Jul 21 2015

Expertise and the Illusion of Knowledge

In general people think they know more than they do. This is arguably worse than mere ignorance – having the illusion of knowledge. Psychologist David Dunning (of the Dunning-Kruger effect) recently wrote in an editorial about his own study (which I discuss here):

“What’s curious is that, in many cases, incompetence does not leave people disoriented, perplexed, or cautious. Instead, the incompetent are often blessed with an inappropriate confidence, buoyed by something that feels to them like knowledge.”

Dunning was discussing the “ignorant mind.” Further, self-perceived expertise does not protect against this effect and in fact may make it worse. A new paper published in the latest issue of Psychological Science, When Knowledge Knows No Bounds: Self-Perceived Expertise Predicts Claims of Impossible Knowledge, presents four studies exploring the relationship between perceived expertise and the illusion of knowledge.

David Dunning is the last author on this paper as well, along with Stav Atir and Emily Rosenzweig. They present the results of four studies. The first establishes the basic phenomenon: self-perceived expertise in finance predicts claiming knowledge in nonexistent financial concepts (pre-rated stocks, fixed-rate deduction, annualized credit – they did a good job making up fake technobabble.) This effect is called “overclaiming.”

That is a good research model, because there is no way someone could have actual knowledge about something that does not exist (even as a false idea, because it was made up for the study itself).

In the second study they found that overclaiming within a specific field correlates with increased perceived knowledge within that field, more so than knowledge in general. This suggests that it is the perception of knowledge about a specific topic that is driving overclaiming about that topic, not a more general tendency to overclaim.

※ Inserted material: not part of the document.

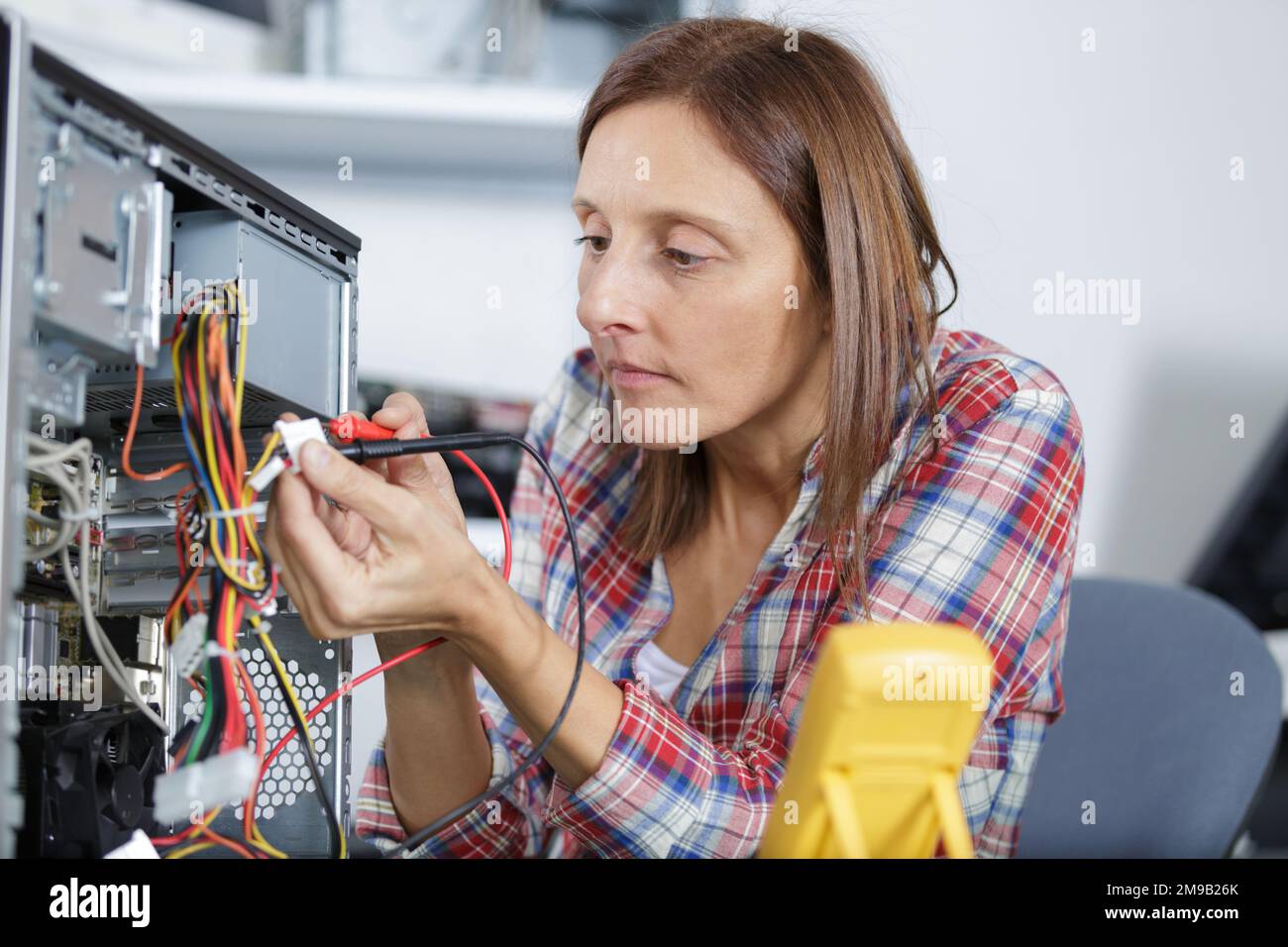 a computer repair voltage measuring Stock Photo Alamy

In the third study they addressed the possibility that overclaiming results from “impression management.” In other words, in order to maintain the impression that one is an expert in biology, one will claim that they have specific knowledge about made-up biological terms. Therefore they have insight into the fact that they do not really know the made-up term but are lying to maintain their image as an expert.

To test this hypothesis they warned the third group that some of the terms in the list were made up. The idea is that if overclaiming were driven entirely or mostly by impression management, fear of claiming to know a made up term would mitigate the effect. It did not, however, suggesting that impression management is not driving overclaiming.

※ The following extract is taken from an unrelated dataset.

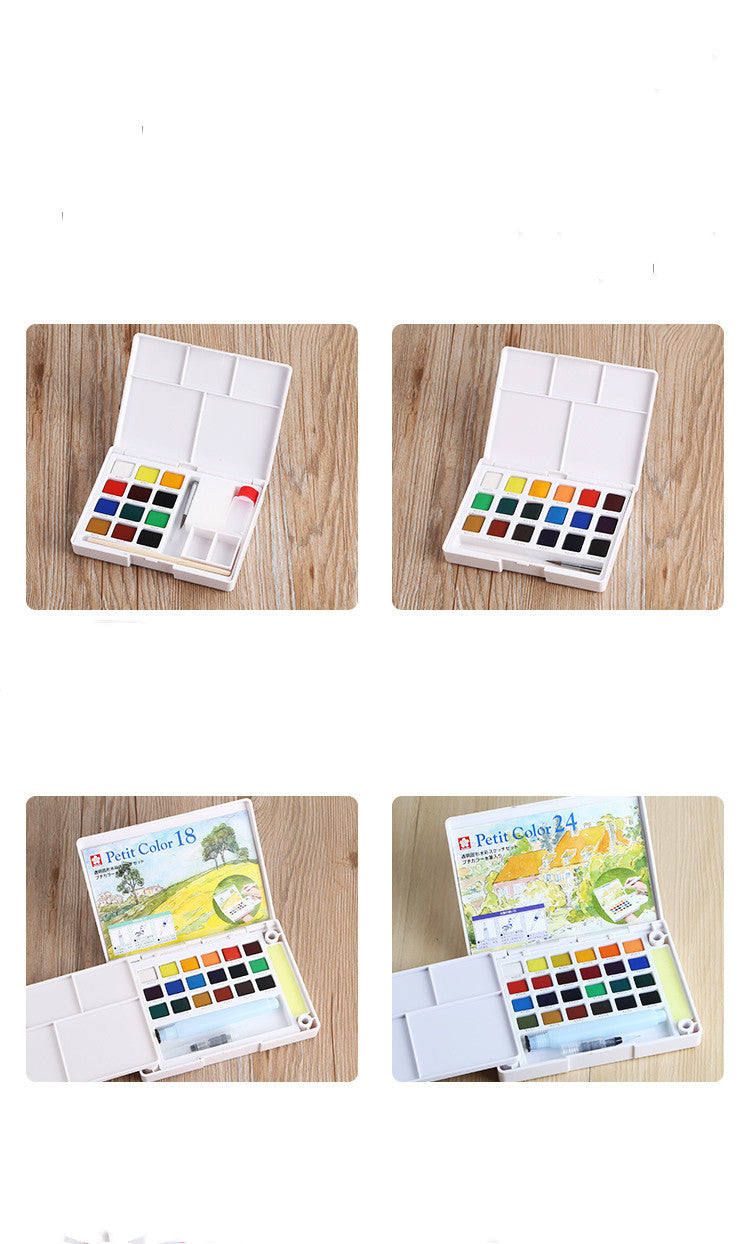 Set of watercolor paint boxes on a wooden surface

To test further the alternate hypothesis that overclaiming is driven by the perception of expertise itself they did a fourth study in which they tried to manipulate the perceived knowledge of the subjects. They divided them into three groups and gave group one an easy quiz on geology, group two a difficult quiz, and group three no quiz. The idea here is that taking an easy quiz and doing well will make one feel like more of an expert.

They found that the group that took the easy quiz on geology had an increased perceived familiarity with nonexistent locations.

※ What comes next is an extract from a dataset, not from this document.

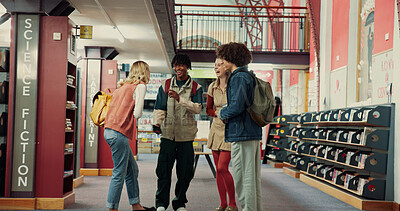 Buy stock photo Happy friends, students and laughing in library for funny joke, humor or comedy at school. Study group, people or learners with smile for social comic, learning or education at university or campus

Taken together these studies suggest that the perception itself that someone has expertise in a specific topic leads to the illusion of knowledge in that topic. In these series of studies they were measuring the perception of knowledge, and not actual knowledge.

These results add to Dunning’s previous work. The Dunning-Kruger effect demonstrated that the worse an individual did on tests of humor, grammar, and logic the more they overestimated their performance. This series of studies suggest that ignorance robs an individual of the ability to assess their own level of knowledge.

As I discussed previously, Dunning later commented that this ignorance is often not the absence of knowledge but the illusion of knowledge, driven by “the clutter of irrelevant or misleading life experiences, theories, facts, intuitions, strategies, algorithms, heuristics, metaphors, and hunches.”

These new studies extend this work, indicating that the illusion of knowledge does not only increase one’s self-assessment of knowledge, but also causes overclaiming – pretending to have knowledge about topics of which one is actually ignorant.

The authors of the new paper also speculate that the illusion of knowledge in a particular area may cause someone to feel that they do not have to further study that area of knowledge, leading to ignorance of the exact area in which they claim expertise. That sounds like an interesting area of further research.

As always, I encourage my readers to apply these lessons not only to others but to themselves. The Dunning-Kruger effect and the illusion of knowledge apply to everyone, not just to others.